Machar was a 6th-century Irish Saint active in Scotland.

A Bishop of Irish origin, Machar is said to have been a former nobleman, baptized by St Colman. He came to Iona with Columba and preached in Mull and later ministered to the Picts around Aberdeen. For this reason he was described anachronistically as the first Bishop of the see of Aberdeen.

His legend, however, in the Aberdeen breviary makes him "Archbishop of Tours", appointed by Gregory the Great for the last few years of his life. This story deserves no credence. Water from his well was used for baptism in Aberdeen Cathedral. A few dedications survive from this area.

Much of what is claimed to be known about St Machar derives from the Aberdeen Breviary, a work compiled in the late fifteenth to early sixteenth centuries, long after the traditional date of Machar's life. It is therefore hard to assess its reliability.

One recent theory is that St Machar and St Mungo were the same person, on the grounds of a possible link between their names (Colm Ó Baoill, St Machar - some linguistic light?, Innes Review XLIV, pp. 1–13).

==Commemoration==

St Machar's Cathedral in Aberdeen is named in his honour. The cathedral's font by Hew Lorimer depicts the saint baptising converts.
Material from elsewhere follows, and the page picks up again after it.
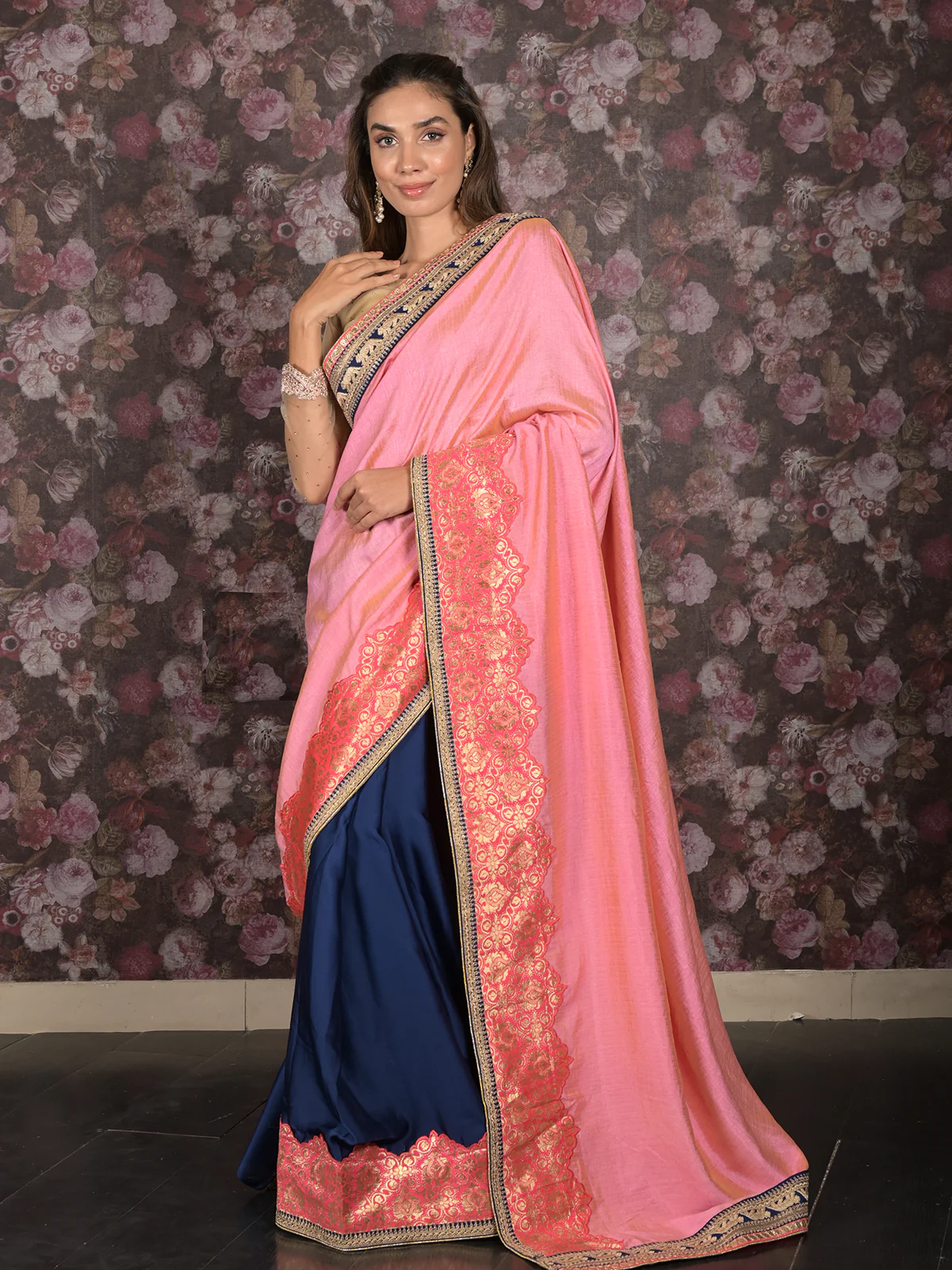 Odette Pink Embroidered Gold Shaded Silk Blend Saree with Unstitched Blouse for Women - Image 2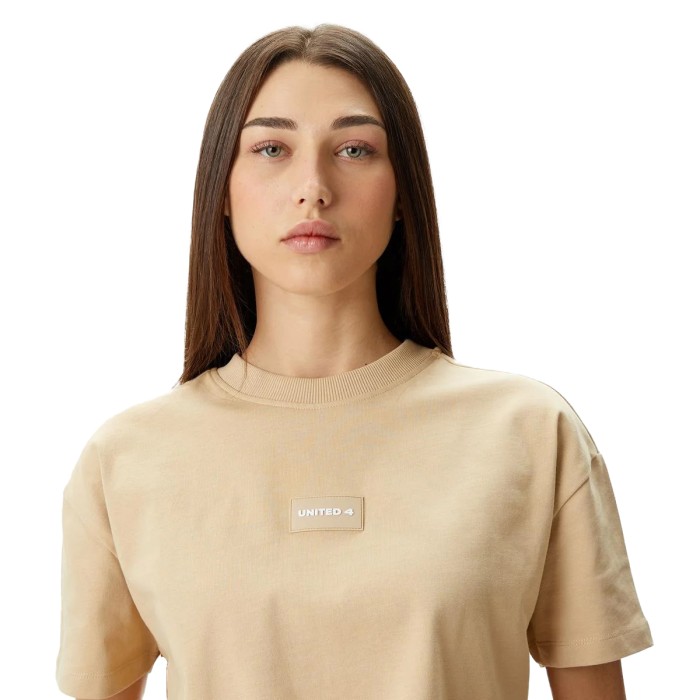 футболка 1.0 essentials w t-shirt по цене 2394 руб вид справа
The Machar oil field in the North Sea is named after the saint.

There is also a St Machar Academy in Aberdeen, situated on St Machar Drive.

Machar is the patron saint of Aberdeen in the Scottish Episcopal Diocese of Aberdeen and Orkney. His feast day is 12 November.

St Machar's, Ranfurly church in Bridge of Weir is named in his honour after a minister from St Machar's cathedral became the minister.